Renata sah darin eine Art «Lizenz zum Brüllen», sie wurde mit jedem Streit lauter und begann es offensichtlich zu geniessen. Für das Baby waren unsere gelegentlichen Ausraster ganz normal, während ich sie als notwendiges Übel auf mich nahm.
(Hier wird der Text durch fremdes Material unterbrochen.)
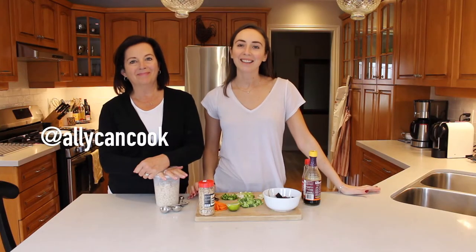Hey guys, welcome back to Ally Can Cook featuring Mama McManus. Hi, I'm Mama McManus. And I'm Ally, and on today's episode of Ally Can Cook we are showing you how I make my funky fried rice.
Bigna konnte das nicht. Ich bemerkte sie erst, als Renata unseren Streit unterbrach und ruhig sagte: «Bigna ist da.» Zitternd stand sie in der Tür, vollbepackt mit Büchern, die sie geborgt hatte. «Komm rein», sagte ich, doch sie schüttelte den Kopf und blieb auf der Schwelle, bis ich ihr die Bücher abnahm und mich mit ihr vors Haus setzte.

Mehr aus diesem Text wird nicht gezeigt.